Entries supplied:
= = = = =

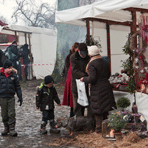 Viajes: Navidad en Copenhague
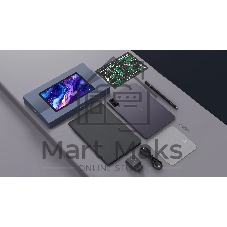 Планшет Digma Pro Zenith II T620 11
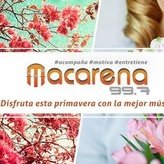 Macarena (Chillan) 99.7 FM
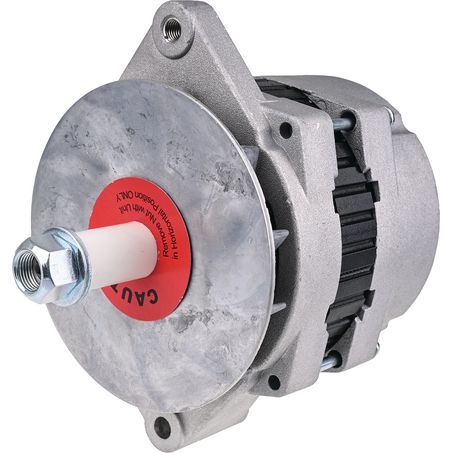 OEX Alternator 12V 105A Delco 19SI Style DXA9132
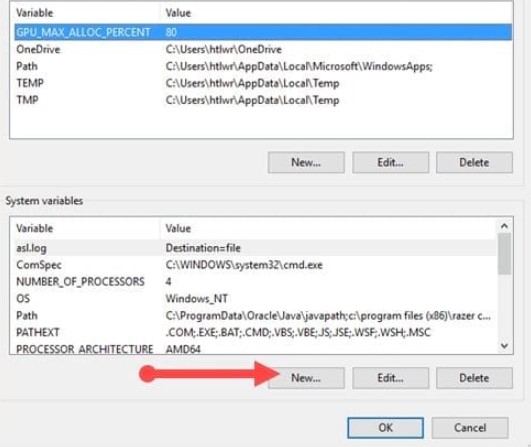 Sửa lỗi Crash trong game Minecraft (Ảnh 5)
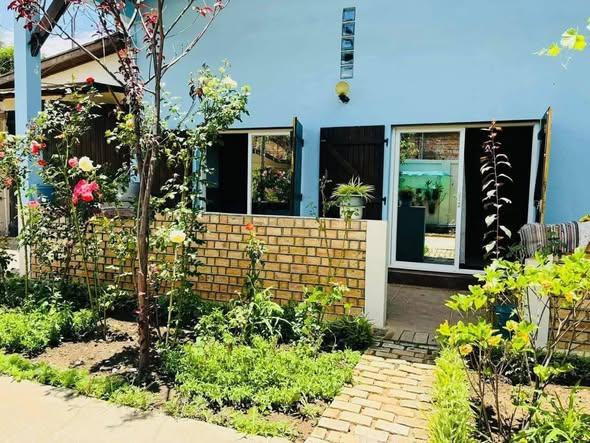 Appartement 1 ch. à louer — Ambohibao - photo 1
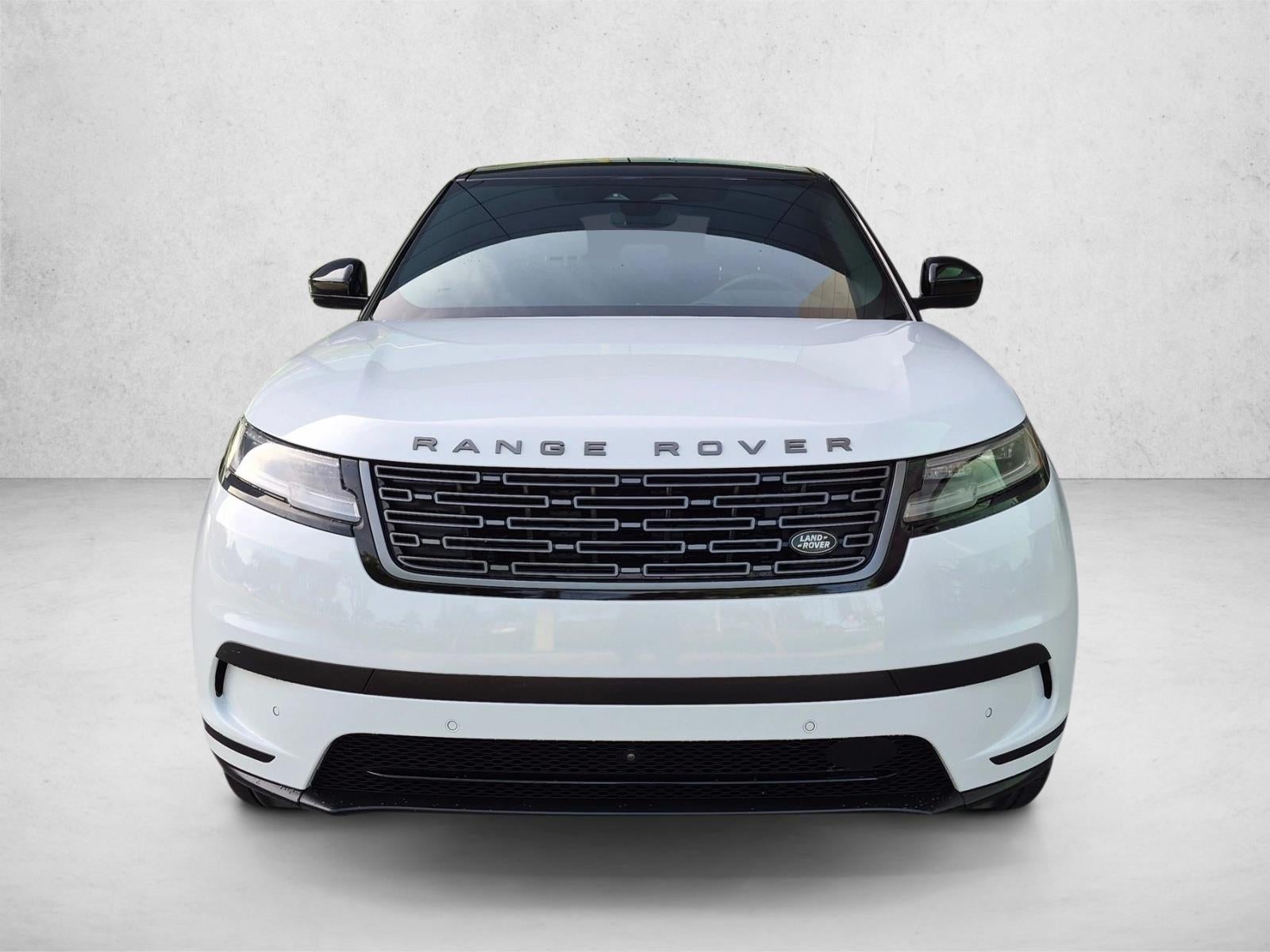 2026 Land Rover Range Rover Velar P250 S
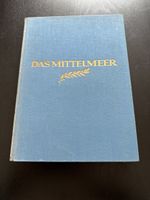 Das Mittelmeer
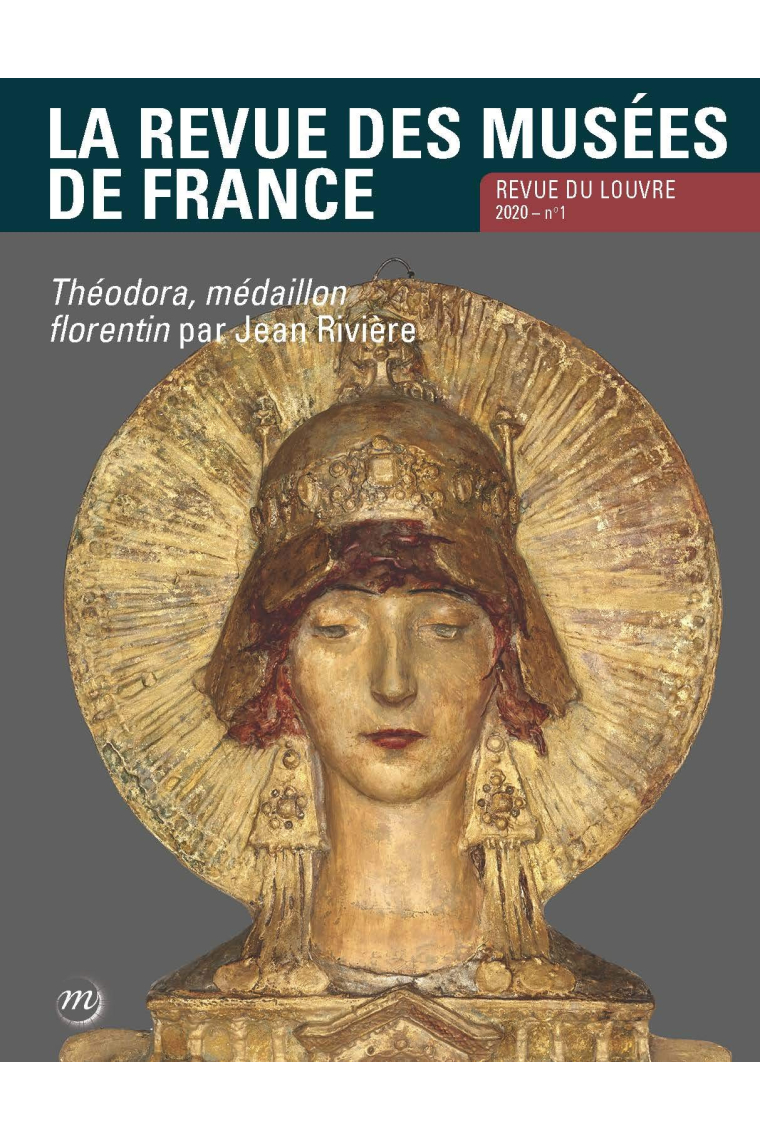 Revue des Musees de France 1-2020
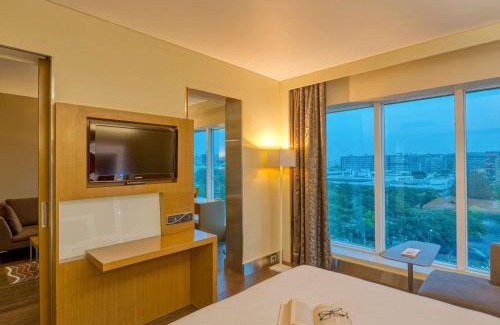 Bellandur Hotel | Pet-Friendly Novotel Bengaluru Outer Ring Road with Pool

= = = = =

Strip out the images, then output the records above word for word.

 Viajes: Navidad en Copenhague
 Планшет Digma Pro Zenith II T620 11
 Macarena (Chillan) 99.7 FM
 OEX Alternator 12V 105A Delco 19SI Style DXA9132
 Sửa lỗi Crash trong game Minecraft (Ảnh 5)
 Appartement 1 ch. à louer — Ambohibao - photo 1
 2026 Land Rover Range Rover Velar P250 S
 Das Mittelmeer
 Revue des Musees de France 1-2020
 Bellandur Hotel | Pet-Friendly Novotel Bengaluru Outer Ring Road with Pool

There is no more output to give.